═════ Excerpted data ═════
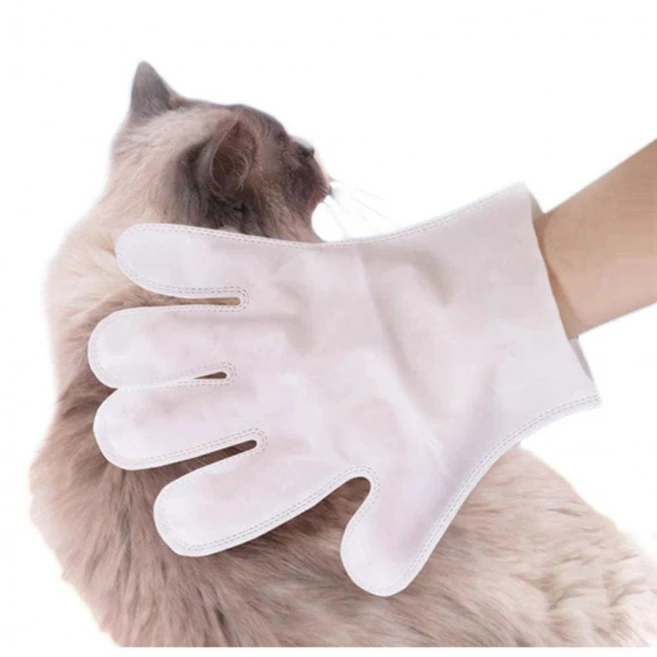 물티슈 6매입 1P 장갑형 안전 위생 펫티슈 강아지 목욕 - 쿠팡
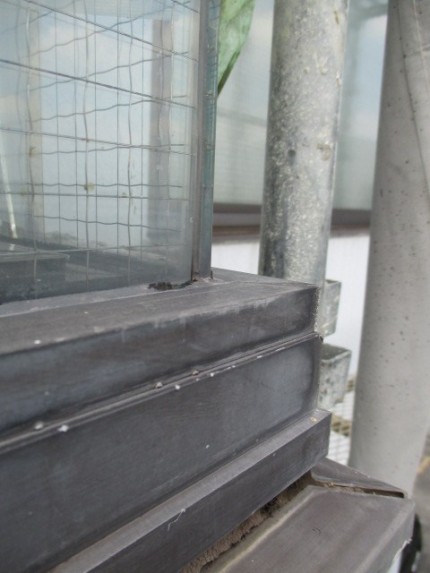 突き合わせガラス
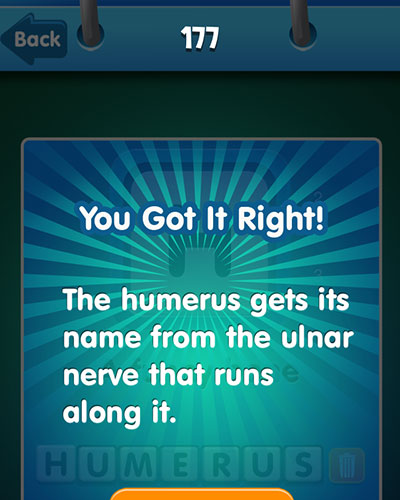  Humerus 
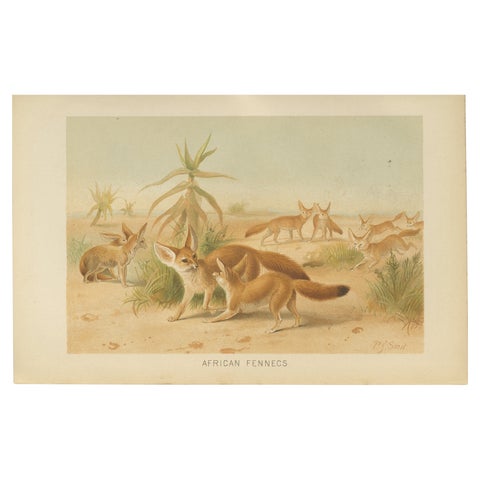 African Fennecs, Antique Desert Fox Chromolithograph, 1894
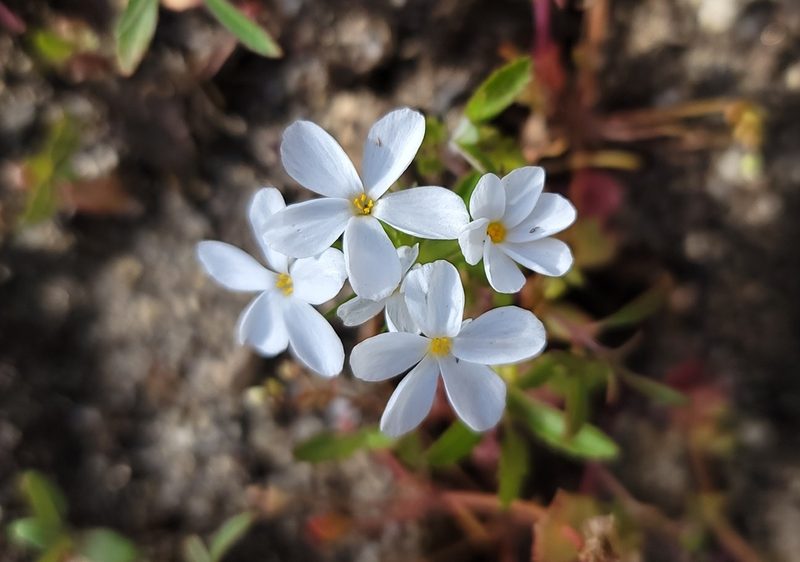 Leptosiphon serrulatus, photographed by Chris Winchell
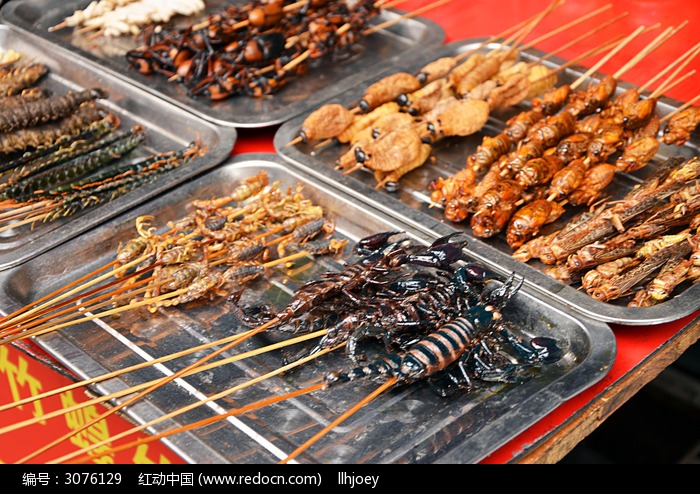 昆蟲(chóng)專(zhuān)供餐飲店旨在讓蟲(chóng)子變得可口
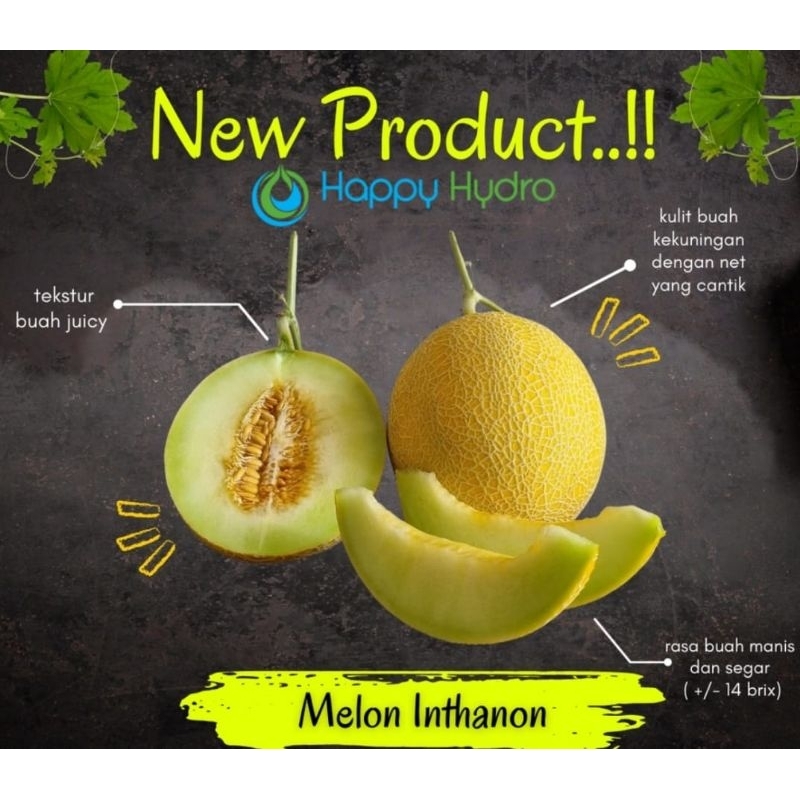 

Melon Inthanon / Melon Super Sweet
═════
The records need to be restated word for word, minus any images.

* _Task answer_:
 물티슈 6매입 1P 장갑형 안전 위생 펫티슈 강아지 목욕 - 쿠팡
 突き合わせガラス
  Humerus 
 African Fennecs, Antique Desert Fox Chromolithograph, 1894
 Leptosiphon serrulatus, photographed by Chris Winchell
 昆蟲(chóng)專(zhuān)供餐飲店旨在讓蟲(chóng)子變得可口

Melon Inthanon / Melon Super Sweet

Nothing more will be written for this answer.